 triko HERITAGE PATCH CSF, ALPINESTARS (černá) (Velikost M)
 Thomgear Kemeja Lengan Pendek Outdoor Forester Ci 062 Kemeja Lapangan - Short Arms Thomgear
...
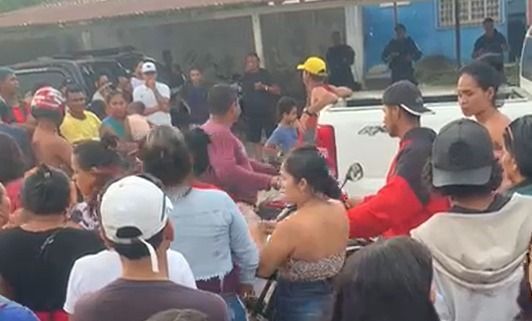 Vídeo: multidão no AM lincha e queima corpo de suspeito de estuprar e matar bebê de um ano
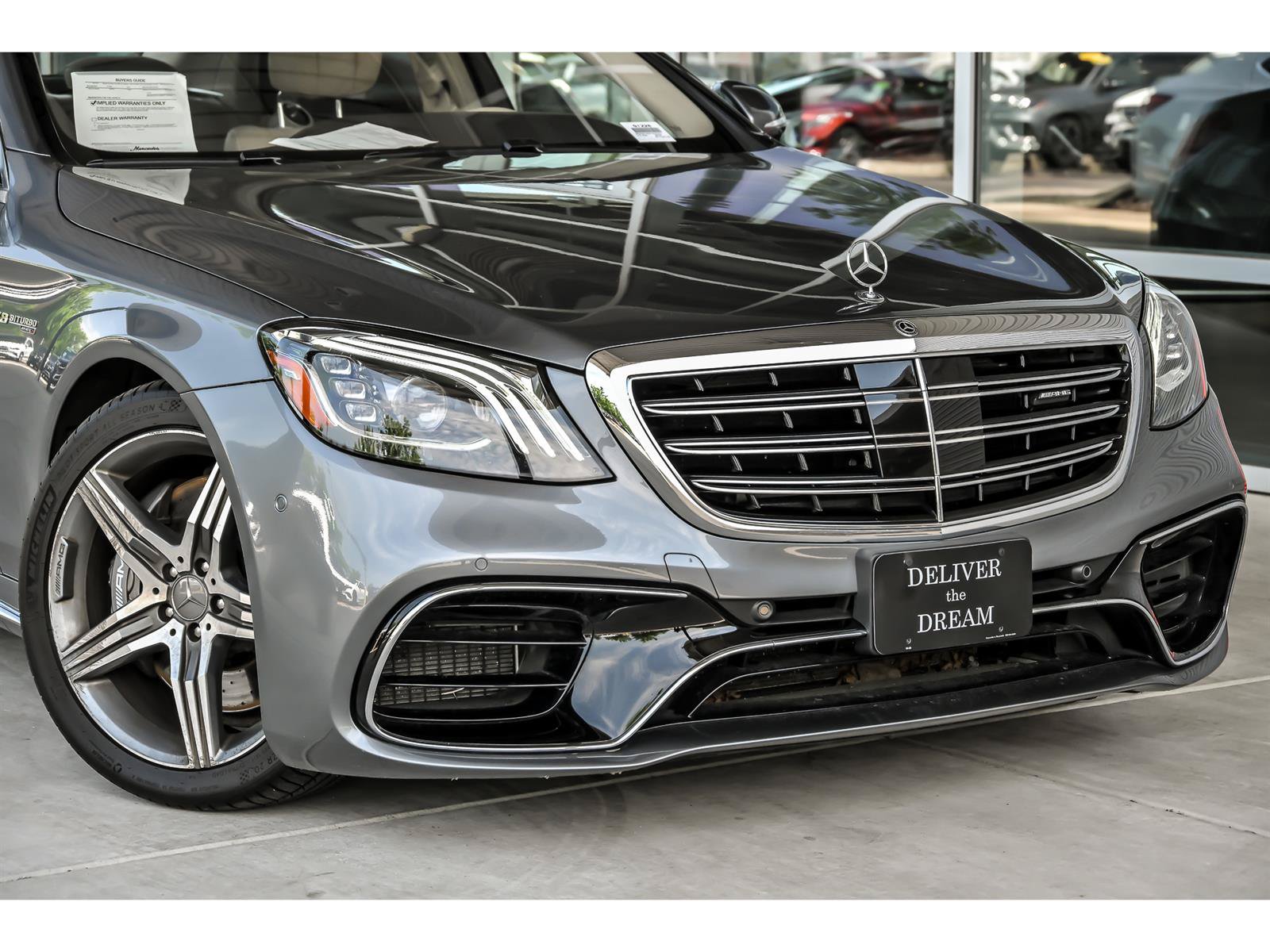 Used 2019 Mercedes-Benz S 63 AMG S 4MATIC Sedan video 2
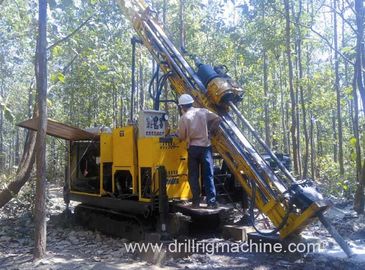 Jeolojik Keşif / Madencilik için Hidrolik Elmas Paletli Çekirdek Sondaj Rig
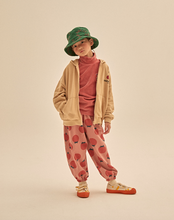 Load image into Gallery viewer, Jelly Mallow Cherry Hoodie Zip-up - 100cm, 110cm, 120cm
==
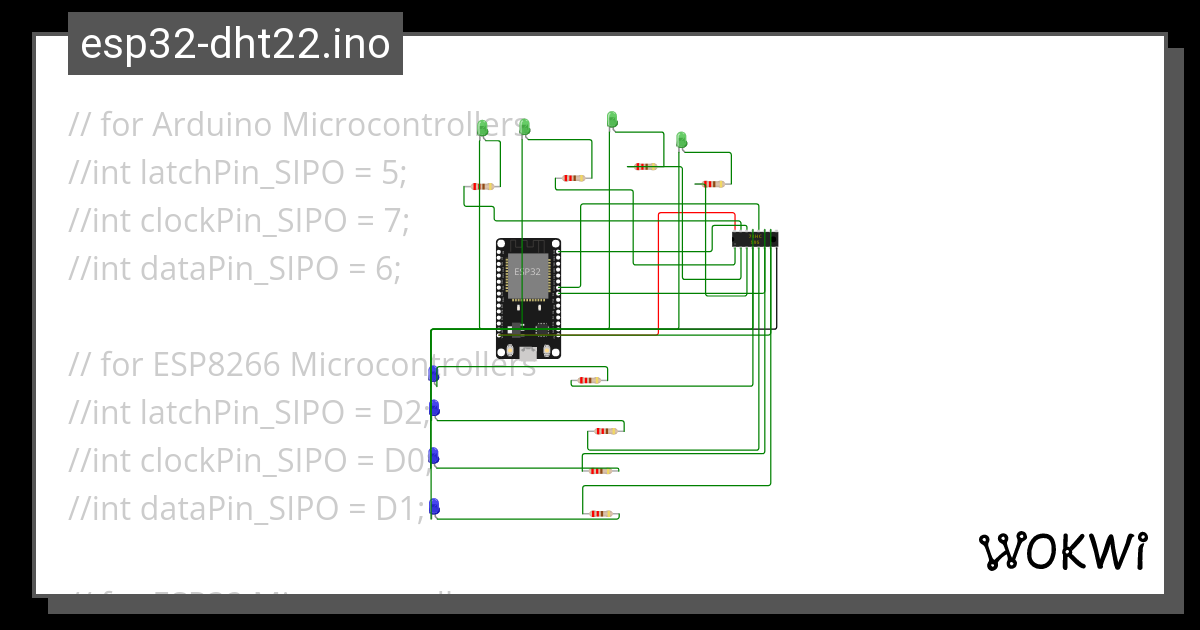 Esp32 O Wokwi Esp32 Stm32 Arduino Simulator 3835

TASK TO COMPLETE
Return exactly the lines of the material above, starting at the line containing "Vídeo: multidão no" and finishing at the line containing "Load image into", without any pictures.

SOLUTION
 Vídeo: multidão no AM lincha e queima corpo de suspeito de estuprar e matar bebê de um ano
 Used 2019 Mercedes-Benz S 63 AMG S 4MATIC Sedan video 2
 Jeolojik Keşif / Madencilik için Hidrolik Elmas Paletli Çekirdek Sondaj Rig
 Load image into Gallery viewer, Jelly Mallow Cherry Hoodie Zip-up - 100cm, 110cm, 120cm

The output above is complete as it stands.